竜王町の周辺にも幾つかの古墳や古墳群が確認されていて、その中の一つの「不動岩屋古墳」には古墳跡の石室内に江戸時代に彫られた「不動明王石仏」が祀ってあります。
大型のショッピングセンターと向き合う場所にあるため何度も通ったことのある道ですが、こんな場所に古墳があったとはこれまで気付かなかった。



鳥居は正面と裏側の2カ所にあり、駐車場から入る時は裏側の鳥居から入ることになる。
鳥居を越えた辺りから響くように読経が聞こえてきたが、それは岩屋の中で読教されている声。



鳥居の先には「護摩堂」があるが、ここにあるのは屋根のみであり、奥にある古墳と岩屋不動で護摩法要などの時の参拝場所と思われる。
しばらく護摩堂にいると、先にお参りされていた方が“お先に。”と声を掛けて去っていかれましたので、さっそく岩屋古墳へと向かう。



岩屋古墳は全長36m前方後円墳で、後円部19m・前方部23mと大きな古墳ではないもの、6世紀頃に築造されたものと推定されています。
石室は後円部にあり、長さ5m・幅2m~2.5m・高さが2.4mとなっており、不動明王は奥の壁の一枚岩に彫られているという。



こういう場所に来ると、人は巨石やドルメンに対して畏怖する気持ちが湧いてくるのがよく分かる。
格子の奥の不動妙石仏は祭壇の格子の隙間越しにしか見えないが、さほど広くはない石室の中は線香の煙が漂い、ビシッとした空気に満ちている。
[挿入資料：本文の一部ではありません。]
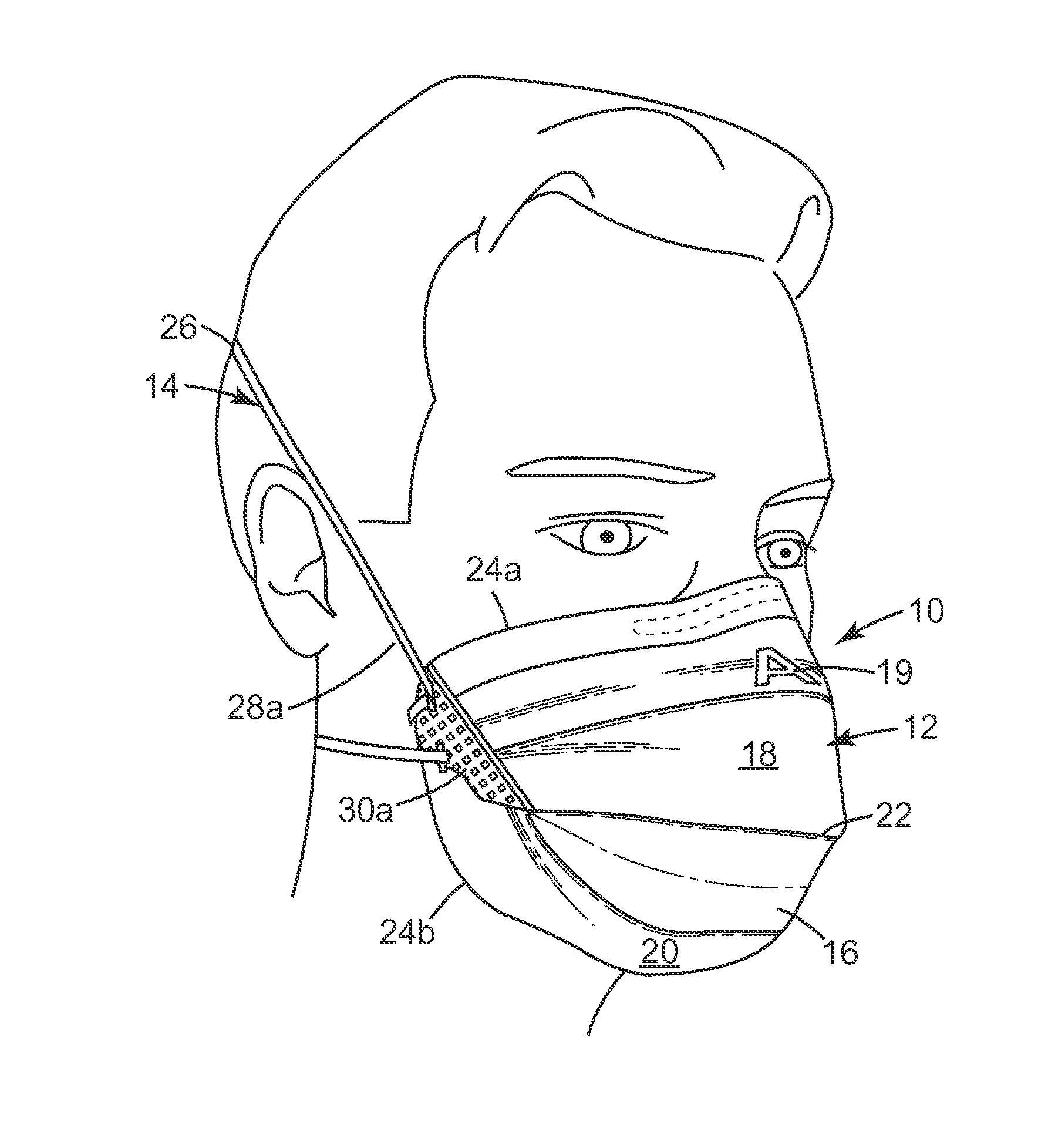 Filtering face-piece respirator having welded indicia hidden in pleat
不動明王が祀られている場所では時々ここのような張り詰めた空気の場所があるのだけれど、これは不動明王の持つ力というより、信仰されている方々の気が満ちているといった方がいいのでしょう。
祭壇の前に座り、線香を焚いて手を合わせましたが、自然とそうしたくなる雰囲気がここにはあります。





境内には石仏が安置されていて“第49番札所 浄土寺”の石碑があります。
この一帯では「薬師山 四国八十八ヵ所霊場」が昭和12年に開山されており、巡礼道となっているようです。
この霊場巡りは山の中を通って約2時間の道中になるといい、信者・行者の参詣が絶えることはないといいます。



最後に正面側の鳥居へと向かう。
鳥居はショッピングモールと向かい合うような位置にあるが、鳥居を結界としてまさしく知る人ぞ知る異空間となっている。



岩屋古墳の石室内は張り詰めた空気と共に、厳しく律するような雰囲気があります。
不動明王と向き合うのはやはりこのような神秘的な場所が良いのかと感じてしまう。